(Brief descriptive captions)
=== Begin Enclosure ===

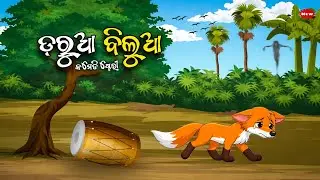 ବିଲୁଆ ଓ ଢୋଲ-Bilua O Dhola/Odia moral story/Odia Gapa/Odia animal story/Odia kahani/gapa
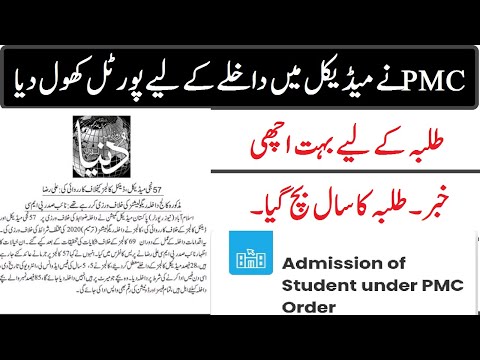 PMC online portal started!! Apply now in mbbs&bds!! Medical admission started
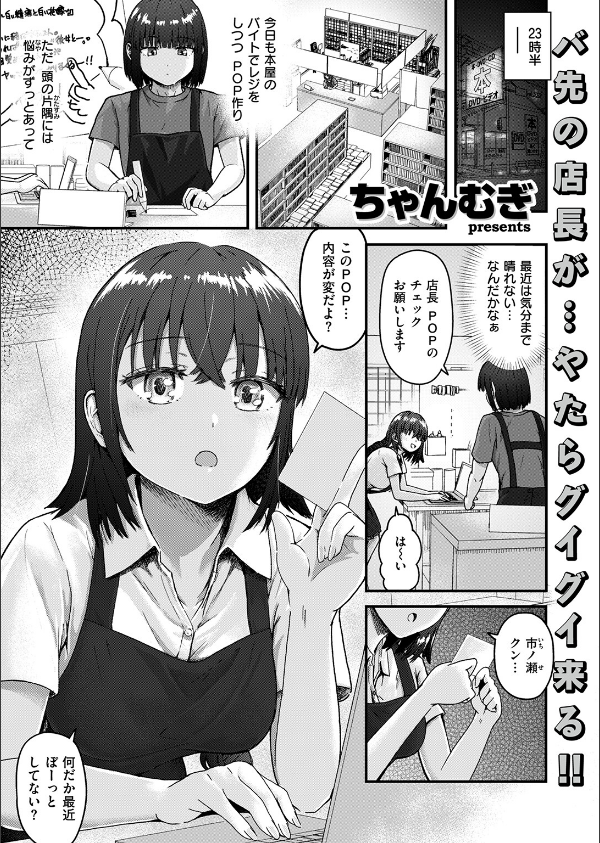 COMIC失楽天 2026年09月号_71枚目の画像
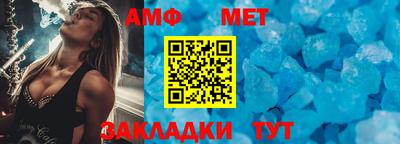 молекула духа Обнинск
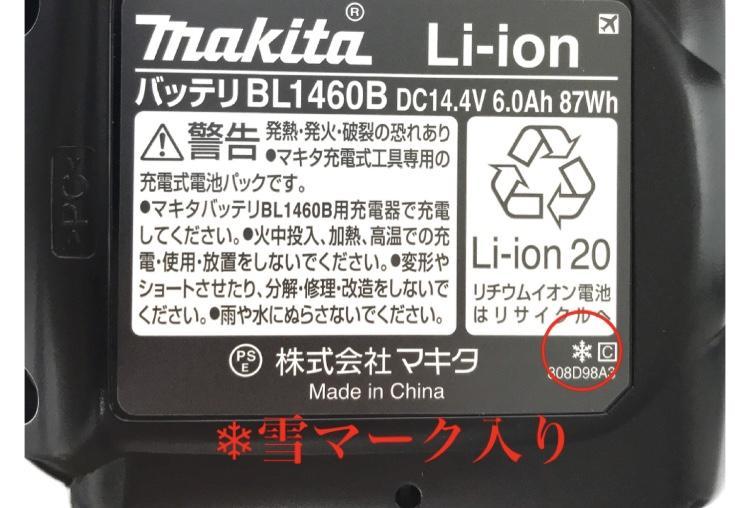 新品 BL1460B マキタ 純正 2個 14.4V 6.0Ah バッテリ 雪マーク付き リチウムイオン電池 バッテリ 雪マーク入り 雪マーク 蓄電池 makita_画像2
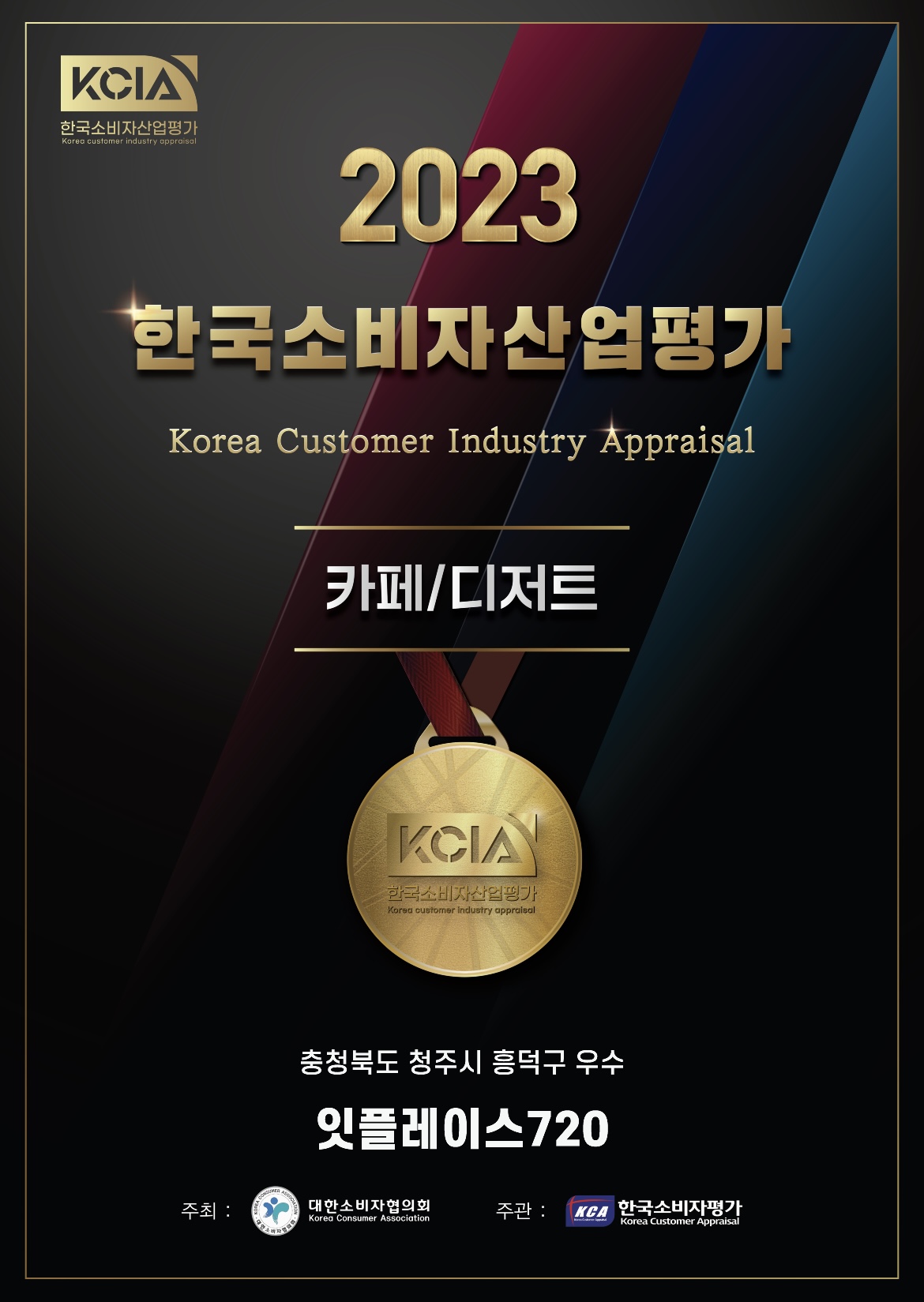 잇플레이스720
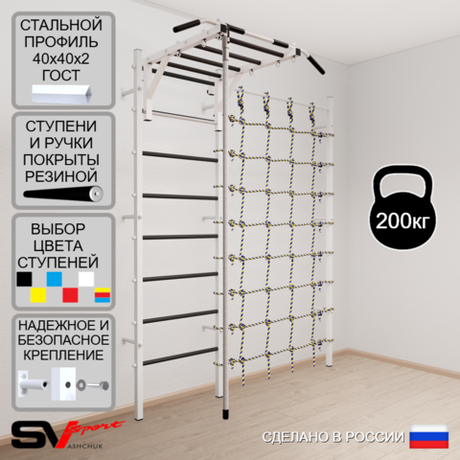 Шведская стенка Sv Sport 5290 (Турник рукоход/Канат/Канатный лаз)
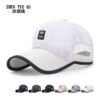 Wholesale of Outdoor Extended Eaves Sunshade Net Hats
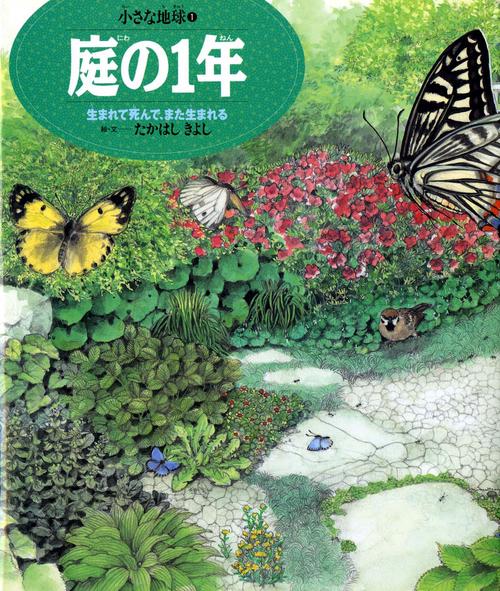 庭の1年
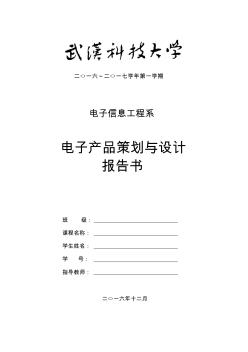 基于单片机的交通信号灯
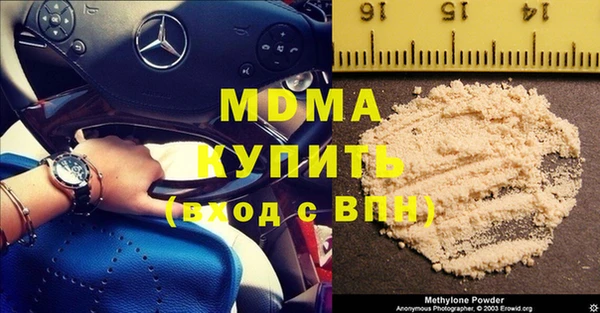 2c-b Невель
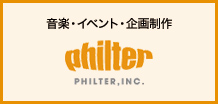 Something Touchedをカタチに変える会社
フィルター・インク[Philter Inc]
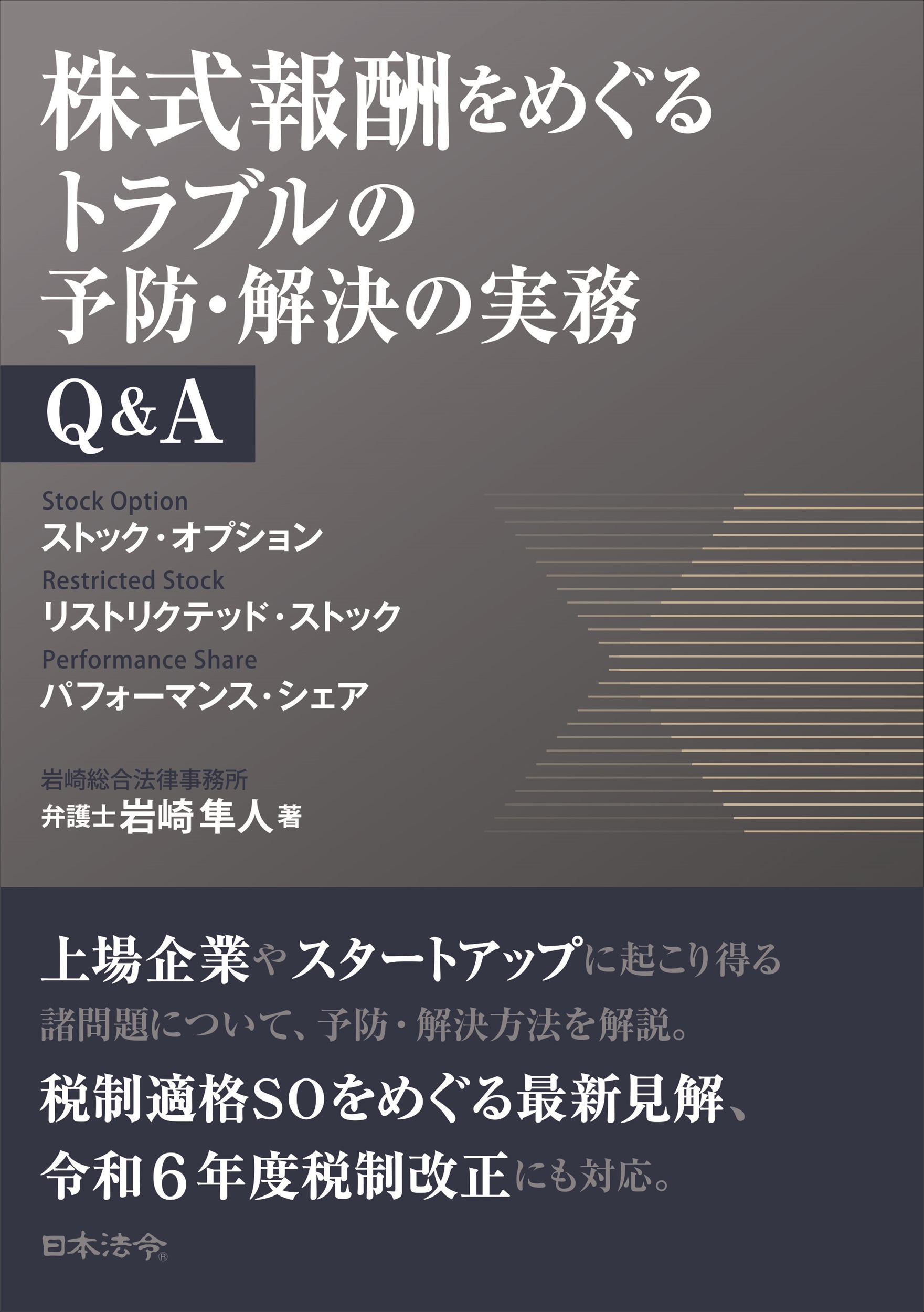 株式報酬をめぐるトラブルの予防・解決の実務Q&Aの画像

=== End Enclosure ===

_THE PROBLEM:_ With the pictures omitted, the records above are to be repeated exactly.

_TASK SOLUTION:_
 ବିଲୁଆ ଓ ଢୋଲ-Bilua O Dhola/Odia moral story/Odia Gapa/Odia animal story/Odia kahani/gapa
 PMC online portal started!! Apply now in mbbs&bds!! Medical admission started
 COMIC失楽天 2026年09月号_71枚目の画像
 молекула духа Обнинск
 新品 BL1460B マキタ 純正 2個 14.4V 6.0Ah バッテリ 雪マーク付き リチウムイオン電池 バッテリ 雪マーク入り 雪マーク 蓄電池 makita_画像2
 잇플레이스720
 Шведская стенка Sv Sport 5290 (Турник рукоход/Канат/Канатный лаз)
 Wholesale of Outdoor Extended Eaves Sunshade Net Hats
 庭の1年
 基于单片机的交通信号灯
 2c-b Невель
 Something Touchedをカタチに変える会社
フィルター・インク[Philter Inc]
 株式報酬をめぐるトラブルの予防・解決の実務Q&Aの画像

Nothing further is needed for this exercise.